There are, of course, those that dispute the connection. One of them is the presumptive Democratic nominee, Joe Biden. At one point during the latest Democratic presidential debate on March 15, Biden dismissed the notion that a universal health care system might be better positioned to handle a pandemic like the coronavirus. “With all due respect for Medicare for All, you have a single-payer system in Italy—it doesn’t work there,” Biden said.
Biden was partly right: a universal health care system does not, in and of itself, cure epidemics. And Italy does indeed have a universal health care system—often ranked among the world’s best—and yet, as it became inundated with Covid-19 cases, it collapsed all the same.
But Biden was also wrong, and misleading. There are many possible causes for the enormous crisis currently unfolding in Italy—early missteps by government officials come to mind—but the design of the Italian health care system was not one of them. In fact, the Italian system was in some ways better positioned to handle a crisis like the Covid-19 outbreak than the US: It had more hospital beds per capita, more doctors per capita, and was considered to be one of the best-performing systems among OECD countries; health care spending in Italy is lower than the OECD average, yet its life expectancy is higher than the average, whereas the US spends much more than the OECD average on health but has a lower life expectancy and worse avoidable mortality rates.
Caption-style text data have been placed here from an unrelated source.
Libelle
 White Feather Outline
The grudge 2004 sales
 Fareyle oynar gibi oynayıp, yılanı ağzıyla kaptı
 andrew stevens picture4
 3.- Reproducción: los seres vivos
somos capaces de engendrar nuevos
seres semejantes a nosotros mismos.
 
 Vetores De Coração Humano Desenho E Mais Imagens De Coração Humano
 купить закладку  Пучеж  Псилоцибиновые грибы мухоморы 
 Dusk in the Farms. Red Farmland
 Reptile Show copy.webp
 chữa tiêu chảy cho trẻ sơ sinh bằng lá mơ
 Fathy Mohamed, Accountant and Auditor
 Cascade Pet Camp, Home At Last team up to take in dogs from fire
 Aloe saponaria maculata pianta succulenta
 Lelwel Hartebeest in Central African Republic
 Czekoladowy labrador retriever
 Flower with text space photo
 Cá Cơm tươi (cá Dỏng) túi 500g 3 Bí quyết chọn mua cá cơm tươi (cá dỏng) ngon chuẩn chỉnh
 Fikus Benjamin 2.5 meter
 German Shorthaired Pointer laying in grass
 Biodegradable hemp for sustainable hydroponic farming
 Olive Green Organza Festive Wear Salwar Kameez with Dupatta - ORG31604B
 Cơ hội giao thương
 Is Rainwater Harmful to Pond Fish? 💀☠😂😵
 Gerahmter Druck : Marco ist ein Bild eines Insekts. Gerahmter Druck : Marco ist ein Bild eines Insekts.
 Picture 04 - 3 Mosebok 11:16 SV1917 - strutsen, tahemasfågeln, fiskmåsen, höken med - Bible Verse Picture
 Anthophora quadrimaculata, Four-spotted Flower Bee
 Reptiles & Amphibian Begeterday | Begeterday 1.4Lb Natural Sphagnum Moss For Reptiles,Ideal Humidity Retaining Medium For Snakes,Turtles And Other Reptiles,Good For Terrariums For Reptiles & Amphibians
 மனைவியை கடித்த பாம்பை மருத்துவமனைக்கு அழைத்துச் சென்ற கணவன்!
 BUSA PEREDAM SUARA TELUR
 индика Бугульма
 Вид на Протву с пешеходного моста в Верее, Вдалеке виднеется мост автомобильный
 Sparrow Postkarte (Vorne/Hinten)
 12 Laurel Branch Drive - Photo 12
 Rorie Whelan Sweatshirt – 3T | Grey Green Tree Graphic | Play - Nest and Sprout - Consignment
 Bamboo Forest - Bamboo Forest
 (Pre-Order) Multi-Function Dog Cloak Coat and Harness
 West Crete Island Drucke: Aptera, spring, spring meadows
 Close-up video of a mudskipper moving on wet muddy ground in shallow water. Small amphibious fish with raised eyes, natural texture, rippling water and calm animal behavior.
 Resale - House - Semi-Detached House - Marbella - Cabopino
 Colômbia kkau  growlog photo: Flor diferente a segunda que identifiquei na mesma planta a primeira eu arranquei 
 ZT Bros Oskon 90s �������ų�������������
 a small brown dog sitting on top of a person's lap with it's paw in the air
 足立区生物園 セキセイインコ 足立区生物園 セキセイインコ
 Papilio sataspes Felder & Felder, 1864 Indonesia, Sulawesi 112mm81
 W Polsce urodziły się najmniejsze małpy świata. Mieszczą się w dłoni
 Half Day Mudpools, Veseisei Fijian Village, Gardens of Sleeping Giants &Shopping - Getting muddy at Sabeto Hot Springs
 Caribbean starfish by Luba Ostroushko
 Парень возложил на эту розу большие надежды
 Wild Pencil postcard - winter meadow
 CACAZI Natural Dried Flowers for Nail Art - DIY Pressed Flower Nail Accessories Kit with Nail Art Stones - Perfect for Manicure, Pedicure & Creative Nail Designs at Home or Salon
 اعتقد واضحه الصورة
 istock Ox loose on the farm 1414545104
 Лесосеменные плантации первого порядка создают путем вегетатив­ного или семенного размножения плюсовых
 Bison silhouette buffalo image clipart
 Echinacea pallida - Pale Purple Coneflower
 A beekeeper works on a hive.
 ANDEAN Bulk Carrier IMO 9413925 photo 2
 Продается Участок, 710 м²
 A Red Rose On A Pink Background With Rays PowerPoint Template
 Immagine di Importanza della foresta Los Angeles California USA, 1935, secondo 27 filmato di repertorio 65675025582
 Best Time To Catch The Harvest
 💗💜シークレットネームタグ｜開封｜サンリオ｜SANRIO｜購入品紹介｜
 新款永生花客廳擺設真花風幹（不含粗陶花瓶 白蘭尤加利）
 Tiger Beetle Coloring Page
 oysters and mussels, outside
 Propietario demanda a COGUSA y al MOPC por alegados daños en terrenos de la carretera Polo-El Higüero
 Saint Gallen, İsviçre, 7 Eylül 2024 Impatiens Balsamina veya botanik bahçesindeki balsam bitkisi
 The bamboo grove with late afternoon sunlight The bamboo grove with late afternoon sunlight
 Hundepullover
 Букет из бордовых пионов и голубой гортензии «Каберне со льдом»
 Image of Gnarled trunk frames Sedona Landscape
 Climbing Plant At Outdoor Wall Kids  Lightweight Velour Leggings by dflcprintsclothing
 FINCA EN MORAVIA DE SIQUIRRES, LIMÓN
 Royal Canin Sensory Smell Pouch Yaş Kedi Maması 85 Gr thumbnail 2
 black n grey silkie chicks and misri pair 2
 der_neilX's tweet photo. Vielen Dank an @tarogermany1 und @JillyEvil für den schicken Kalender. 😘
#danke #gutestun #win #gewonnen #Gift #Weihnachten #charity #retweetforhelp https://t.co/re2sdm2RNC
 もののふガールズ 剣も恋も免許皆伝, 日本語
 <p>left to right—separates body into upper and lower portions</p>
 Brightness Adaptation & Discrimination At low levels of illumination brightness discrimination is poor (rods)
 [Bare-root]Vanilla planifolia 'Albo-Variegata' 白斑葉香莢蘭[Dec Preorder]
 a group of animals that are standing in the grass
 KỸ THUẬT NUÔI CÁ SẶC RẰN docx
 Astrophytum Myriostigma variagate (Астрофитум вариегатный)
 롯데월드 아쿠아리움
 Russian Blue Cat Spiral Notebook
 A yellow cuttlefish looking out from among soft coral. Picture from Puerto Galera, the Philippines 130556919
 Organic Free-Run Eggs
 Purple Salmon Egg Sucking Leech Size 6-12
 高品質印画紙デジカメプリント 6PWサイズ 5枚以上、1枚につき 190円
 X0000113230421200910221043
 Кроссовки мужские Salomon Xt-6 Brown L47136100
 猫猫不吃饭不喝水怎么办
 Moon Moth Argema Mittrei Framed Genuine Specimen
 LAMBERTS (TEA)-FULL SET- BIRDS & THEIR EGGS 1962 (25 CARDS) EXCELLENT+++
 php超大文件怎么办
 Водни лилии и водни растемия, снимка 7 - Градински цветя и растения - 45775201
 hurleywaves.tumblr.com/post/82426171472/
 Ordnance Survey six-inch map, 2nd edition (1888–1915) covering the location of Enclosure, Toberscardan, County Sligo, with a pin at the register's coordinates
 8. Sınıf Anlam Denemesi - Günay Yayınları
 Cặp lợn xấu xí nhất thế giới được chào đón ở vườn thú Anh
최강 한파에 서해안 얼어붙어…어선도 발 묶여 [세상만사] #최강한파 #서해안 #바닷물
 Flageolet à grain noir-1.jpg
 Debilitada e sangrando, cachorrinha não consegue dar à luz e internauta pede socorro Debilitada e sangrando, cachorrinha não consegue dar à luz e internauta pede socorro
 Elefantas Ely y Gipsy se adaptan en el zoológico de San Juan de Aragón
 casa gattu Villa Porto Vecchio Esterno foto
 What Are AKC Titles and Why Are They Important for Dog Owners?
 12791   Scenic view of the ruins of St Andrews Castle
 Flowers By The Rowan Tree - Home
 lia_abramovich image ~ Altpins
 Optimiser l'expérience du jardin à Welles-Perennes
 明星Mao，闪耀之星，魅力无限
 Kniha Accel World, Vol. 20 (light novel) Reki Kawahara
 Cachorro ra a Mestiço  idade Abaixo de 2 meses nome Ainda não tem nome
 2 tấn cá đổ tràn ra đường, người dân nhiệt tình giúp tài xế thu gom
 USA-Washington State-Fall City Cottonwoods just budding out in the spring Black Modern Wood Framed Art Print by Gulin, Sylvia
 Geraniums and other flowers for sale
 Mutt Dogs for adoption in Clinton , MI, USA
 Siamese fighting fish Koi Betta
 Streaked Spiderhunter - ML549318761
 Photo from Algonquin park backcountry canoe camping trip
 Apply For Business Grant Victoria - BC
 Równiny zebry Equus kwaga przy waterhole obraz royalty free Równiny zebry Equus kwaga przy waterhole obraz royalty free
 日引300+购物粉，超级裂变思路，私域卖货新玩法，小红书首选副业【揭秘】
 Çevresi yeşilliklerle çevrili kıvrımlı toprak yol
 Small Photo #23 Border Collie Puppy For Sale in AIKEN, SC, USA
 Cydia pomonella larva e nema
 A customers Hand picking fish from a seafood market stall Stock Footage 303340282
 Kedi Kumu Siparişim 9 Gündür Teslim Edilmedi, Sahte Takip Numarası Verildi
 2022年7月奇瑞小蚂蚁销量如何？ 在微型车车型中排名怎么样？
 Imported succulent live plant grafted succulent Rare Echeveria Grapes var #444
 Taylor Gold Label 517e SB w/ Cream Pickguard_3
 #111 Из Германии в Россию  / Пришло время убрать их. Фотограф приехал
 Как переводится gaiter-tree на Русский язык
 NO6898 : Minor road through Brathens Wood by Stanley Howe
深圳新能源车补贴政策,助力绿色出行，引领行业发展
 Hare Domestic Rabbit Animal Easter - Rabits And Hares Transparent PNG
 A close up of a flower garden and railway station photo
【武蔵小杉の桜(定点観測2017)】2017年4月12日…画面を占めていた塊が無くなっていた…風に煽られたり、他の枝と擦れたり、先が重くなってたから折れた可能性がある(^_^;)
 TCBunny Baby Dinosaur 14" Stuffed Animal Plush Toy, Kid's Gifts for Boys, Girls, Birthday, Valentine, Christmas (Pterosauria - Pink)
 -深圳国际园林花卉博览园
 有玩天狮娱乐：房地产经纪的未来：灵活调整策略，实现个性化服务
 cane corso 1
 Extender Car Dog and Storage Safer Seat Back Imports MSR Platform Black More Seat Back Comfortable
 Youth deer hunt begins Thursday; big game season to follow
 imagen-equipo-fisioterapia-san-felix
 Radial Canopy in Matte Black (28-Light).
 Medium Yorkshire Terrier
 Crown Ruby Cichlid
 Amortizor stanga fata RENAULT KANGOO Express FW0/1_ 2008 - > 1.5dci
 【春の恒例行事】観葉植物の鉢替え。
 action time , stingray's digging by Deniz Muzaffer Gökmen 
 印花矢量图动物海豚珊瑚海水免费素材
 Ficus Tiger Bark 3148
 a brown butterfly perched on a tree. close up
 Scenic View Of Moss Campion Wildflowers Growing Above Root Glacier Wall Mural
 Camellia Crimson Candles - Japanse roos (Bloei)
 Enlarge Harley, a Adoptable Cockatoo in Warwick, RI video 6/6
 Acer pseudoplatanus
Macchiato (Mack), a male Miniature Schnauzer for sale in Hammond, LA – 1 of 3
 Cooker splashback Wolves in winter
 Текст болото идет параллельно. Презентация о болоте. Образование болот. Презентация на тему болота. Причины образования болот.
What’s more, not all of Italy’s regionally-based health care system is in the same terrible state as Lombardy, where the health care system collapsed. The health care system in Lombardy, the region most impacted by the coronavirus, is also the one most oriented toward private health care of all the 20 regions that comprise the Italian National Health Service. The Veneto and Emilia Romagna regions, where there’s more public control over health care, have fared much better.
More than anything, the Italian case testifies to the importance of massive testing and early detection, showing that no matter how good a health care system is, it too can become overwhelmed when faced with an epidemic-level surge in demand.
A country could have a universal health care system and still respond atrociously during a crisis—the UK’s disastrous response to Covid-19 is a case in point. Nevertheless, as Taiwan and South Korea show, having a centralized system that is able to mobilize, coordinate, and respond quickly, and also doesn’t frighten people to such a degree that they refuse to see a doctor, can be a huge asset during a global pandemic.
Americans, who have been putting off medical treatments long before the coronavirus, already know this.While Biden has all but won the Democratic primary, exit polls have consistently shown that a majority of Democratic voters support Medicare for All, Bernie Sanders’s proposal for a single-payer system. In October, a CBS News poll showed that 66 percent of Americans—among them 91 percent of Democrats, 67 percent of Independents, and 34 percent of Republicans—support a “government health insurance plan for all.” A recent Kaiser Family Foundation poll has produced similar results.
Politicians know this too. In the short term, the government response to the coronavirus will likely make the US health care system lean a bit more toward other socialized health care systems, with the government requiring private insurers to make coronavirus testing free by covering its costs and with politicians like Biden proposing that the government cover at least some of the cost of treatment. When it comes to dealing with a pandemic, there’s no substitute for massive government intervention.
But these are just one-off measures that do nothing to improve the fundamentals of American health care or help prepare the US for future pandemics. Whether any of these emergency measures will lead to long-term reform in US health care remains to be seen. But the Covid-19 outbreak has made one thing impossible to deny: the US can’t afford to run its health care system the way it has so far.